■ What to work on:
Leave out the pictures and copy each record below exactly.

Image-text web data
•••••

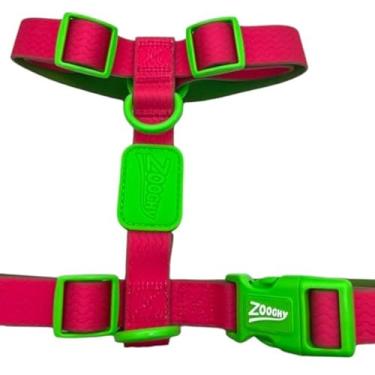 Imagem de Peitoral Pet Ajustável para Cães de Todos os Portes com Conforto Premium – Segurança e Controle nos Passeios | Design Acqua Wave Rosa com Detalhes em Verde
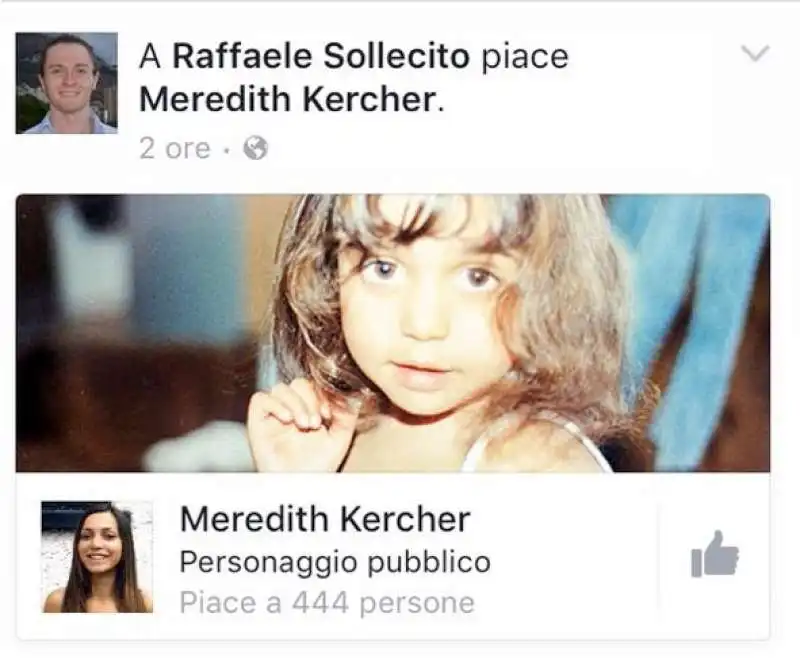 raffaele sollecito mette like su meredith kercher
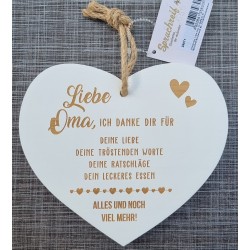 Holz Herz weiss  " Liebe Oma..."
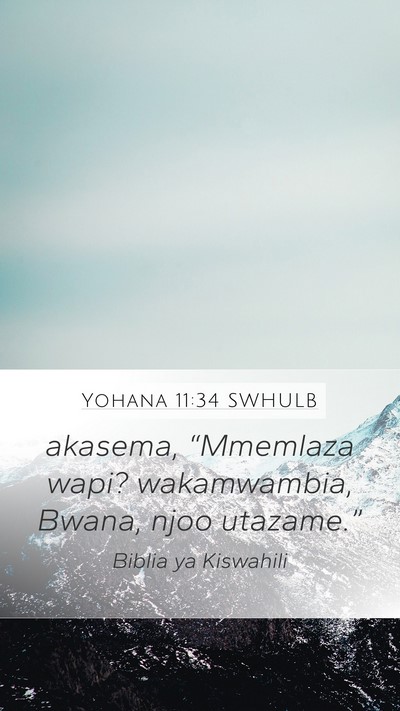 Yohana 11:34 SWHULB Mobile Phone Wallpaper - akasema, “Mmemlaza wapi? wakamwambia, Bwana, - Mobile Bible Verse Wallpaper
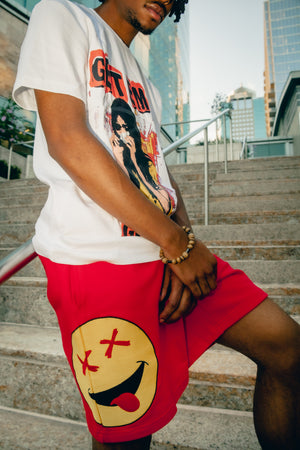 Fire Red “Classic Smiley” French Terry Shorts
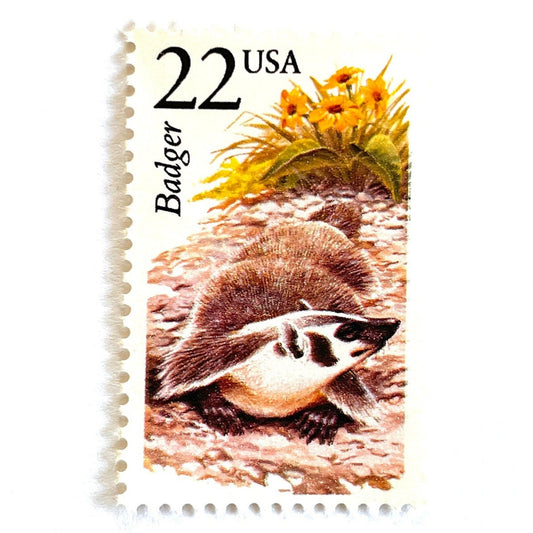 Image of 1987 North American Wildlife Series “Badger” 22-cent vintage unused USPS mail stamps. Scott #2312. Stamp Themes: Wildlife, Nature, American Badger, Honey Badger, Masked, Burrowing, Yellow Flowers, University of Wisconsin–Madison Mascot — Bucky Badger, Conservation. Natural, Neutral, Black, Yellow, Green, Multicolored postage stamp. Perfect vintage postage stamp to use for save the date announcements, wedding invitation postage, shower invitations, thank you cards, and snail mail.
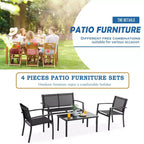 Ensemble de mobilier de terrasse Celebalcony de 4 pièces. Ensemble de conversation d’extérieur toutes saisons en textile avec table basse en verre, causeuse et 2 fauteuils individuels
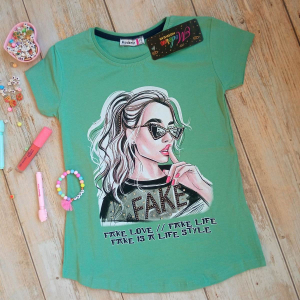 Футболка для дівчаток -the new- на 7-14 років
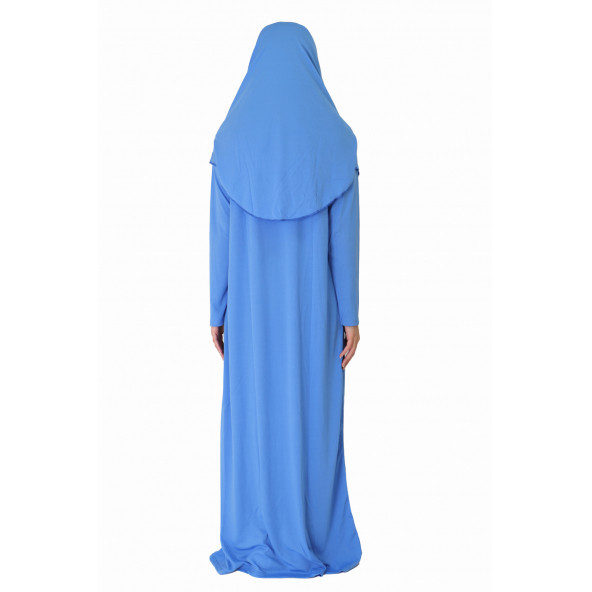 GÖK MAVİSİ FERMUARLI NAMAZ ELBİSESİ ürün görseli 1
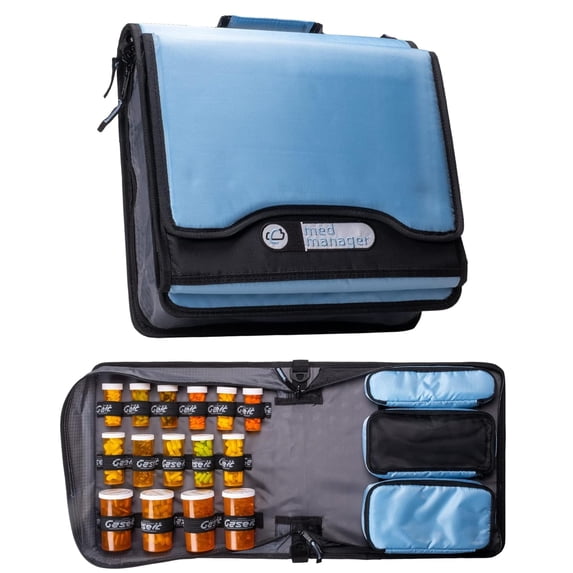 Med Manager Supply Organizer with Insulin Cooler Travel Case, Holds (15) Pill Bottles - (11) Standard Size and (4) Large Bottles, Mint, 13 inches x 13 inches x 4.5 inches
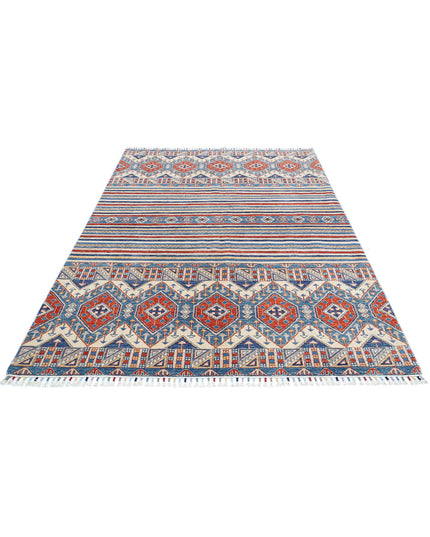 Khurjeen 5' 5" X 7' 11" Hand Knotted Wool Rug 5' 5" X 7' 11" (165 X 241) / Multi / Wool
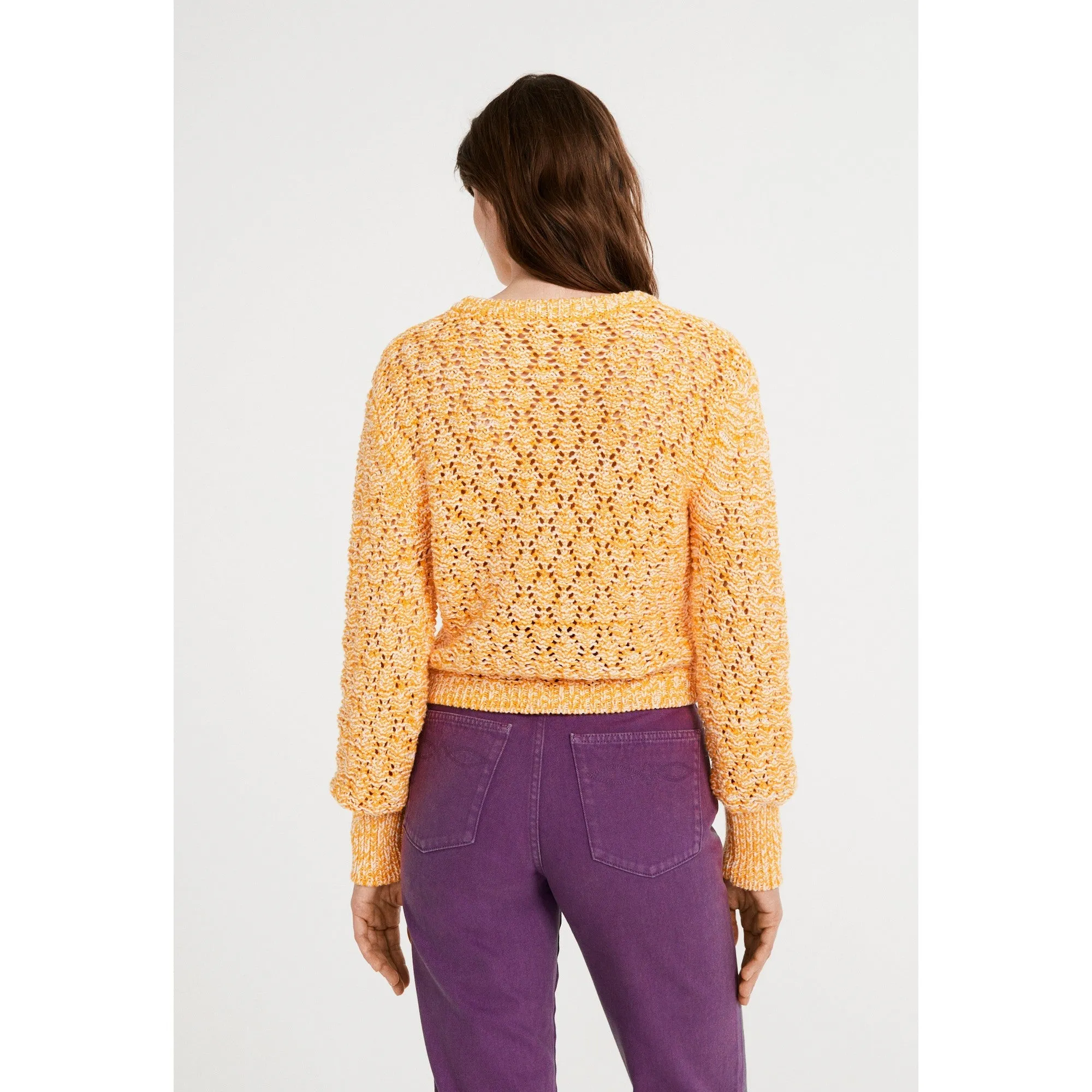 Women Openwork Knit Pullover - Sunshine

•••••

■ Solution to the exercise:
 Imagem de Peitoral Pet Ajustável para Cães de Todos os Portes com Conforto Premium – Segurança e Controle nos Passeios | Design Acqua Wave Rosa com Detalhes em Verde
 raffaele sollecito mette like su meredith kercher
 Holz Herz weiss  " Liebe Oma..."
 Yohana 11:34 SWHULB Mobile Phone Wallpaper - akasema, “Mmemlaza wapi? wakamwambia, Bwana, - Mobile Bible Verse Wallpaper
 Fire Red “Classic Smiley” French Terry Shorts
 Image of 1987 North American Wildlife Series “Badger” 22-cent vintage unused USPS mail stamps. Scott #2312. Stamp Themes: Wildlife, Nature, American Badger, Honey Badger, Masked, Burrowing, Yellow Flowers, University of Wisconsin–Madison Mascot — Bucky Badger, Conservation. Natural, Neutral, Black, Yellow, Green, Multicolored postage stamp. Perfect vintage postage stamp to use for save the date announcements, wedding invitation postage, shower invitations, thank you cards, and snail mail.
 Ensemble de mobilier de terrasse Celebalcony de 4 pièces. Ensemble de conversation d’extérieur toutes saisons en textile avec table basse en verre, causeuse et 2 fauteuils individuels
 Футболка для дівчаток -the new- на 7-14 років
 GÖK MAVİSİ FERMUARLI NAMAZ ELBİSESİ ürün görseli 1
 Med Manager Supply Organizer with Insulin Cooler Travel Case, Holds (15) Pill Bottles - (11) Standard Size and (4) Large Bottles, Mint, 13 inches x 13 inches x 4.5 inches
 Khurjeen 5' 5" X 7' 11" Hand Knotted Wool Rug 5' 5" X 7' 11" (165 X 241) / Multi / Wool
 Women Openwork Knit Pullover - Sunshine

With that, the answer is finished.